Jiménez Sáenz M, Martín Guerrero J, Rebollo J, Piñar A L, González Campora R, Herrerías Gutierréz J M
Servicio de Gastroenterología, Hospital Universitario Virgen Macarena, Sevilla.
An Med Interna. 1998 Jun;15(6):316-8.
Hepatic involvement is frequently in systemic amyloidosis but major clinical symptoms due to portal hypertension or liver failure are rare. To date all treatment modalities proven in these patients have failed. Thus, prognosis is dismal with progressive deterioration in liver function. We describe a patient with massive liver involvement by primary amyloidosis, manifested by severe intrahepatic cholestasis. Up to now 25 similar case have been reported in the English literature. In this subset of patients the most frequently recorded cause of death was renal failure accelerated by hyperbilirrubunemia. In our patient a downhill course was characterized by fatal renal hepatic failure after an hemoperitoneum, probably as a delayed complication of liver biopsy.
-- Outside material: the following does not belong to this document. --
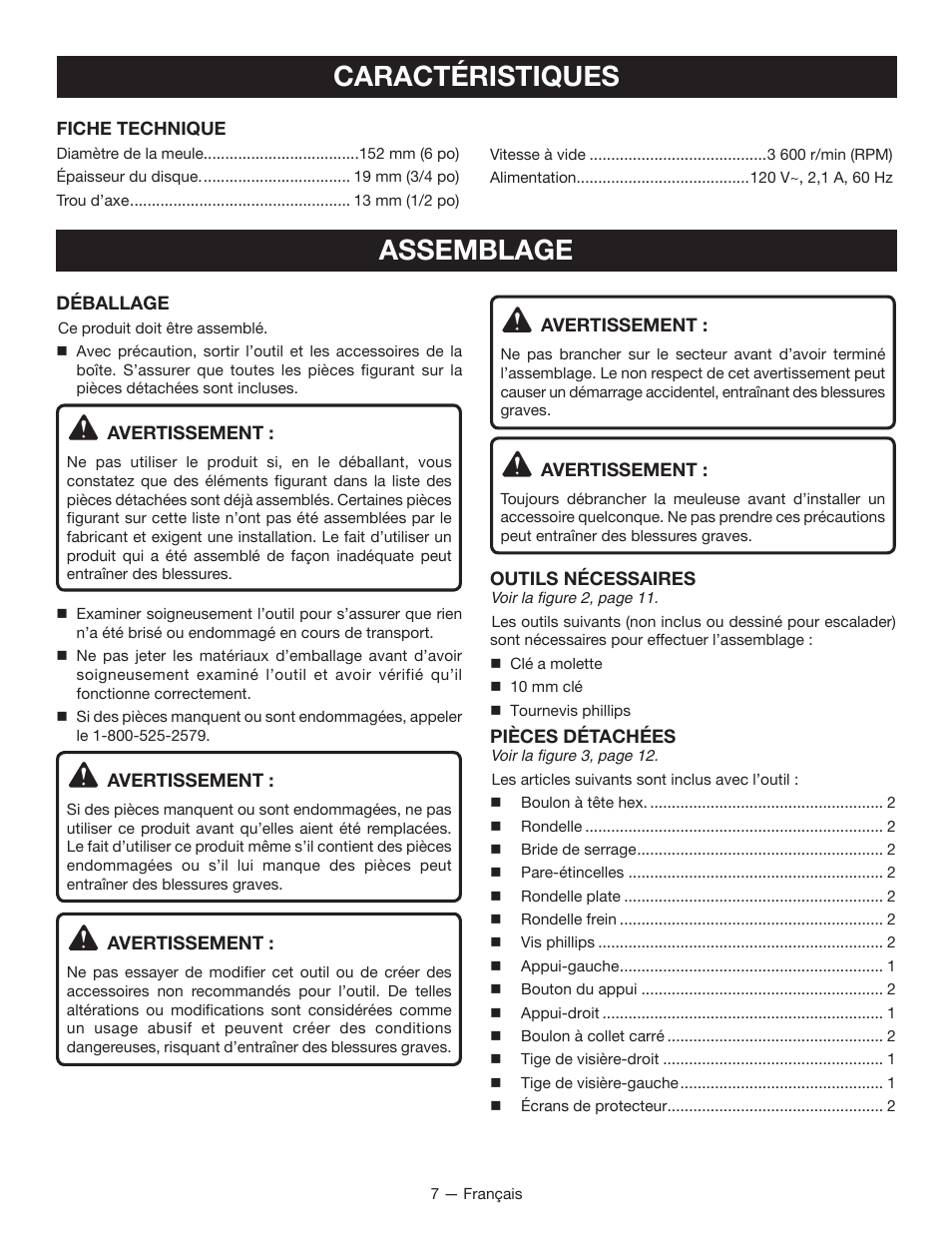 Caractéristiques, Assemblage | Ryobi BG612GSB User Manual | Page 16 / 36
Although not all authors agree, an added risk of bleeding after liver biopsy have been pointed out in hepatic amyloidosis. This kind of problem recommends the use of tissue other than liver, or a transjugular hepatic biopsy for diagnostic purposes. Also, of interest in the present cause is the autopsy findings of pancreatitis associated to pancreatic amyloidosis, a complication which have been described in previous reports.
肝脏受累在系统性淀粉样变性中很常见,但由门静脉高压或肝功能衰竭引起的主要临床症状很少见。迄今为止,在这些患者中经证实有效的所有治疗方法均已失败。因此,随着肝功能的进行性恶化,预后很差。我们描述了一名原发性淀粉样变性导致肝脏大量受累的患者,表现为严重的肝内胆汁淤积。迄今为止,英文文献中已报道了25例类似病例。在这部分患者中,最常见的死亡原因是高胆红素血症加速的肾衰竭。在我们的患者中,病情呈下坡趋势,以腹腔积血后致命的肝肾衰竭为特征,这可能是肝活检的延迟并发症。尽管并非所有作者都认同,但肝淀粉样变性患者肝活检后出血风险增加已被指出。这类问题建议使用肝脏以外的组织进行诊断,或采用经颈静脉肝活检。此外,在本病例中有趣的是尸检发现与胰腺淀粉样变性相关的胰腺炎,先前的报告中已描述过这种并发症。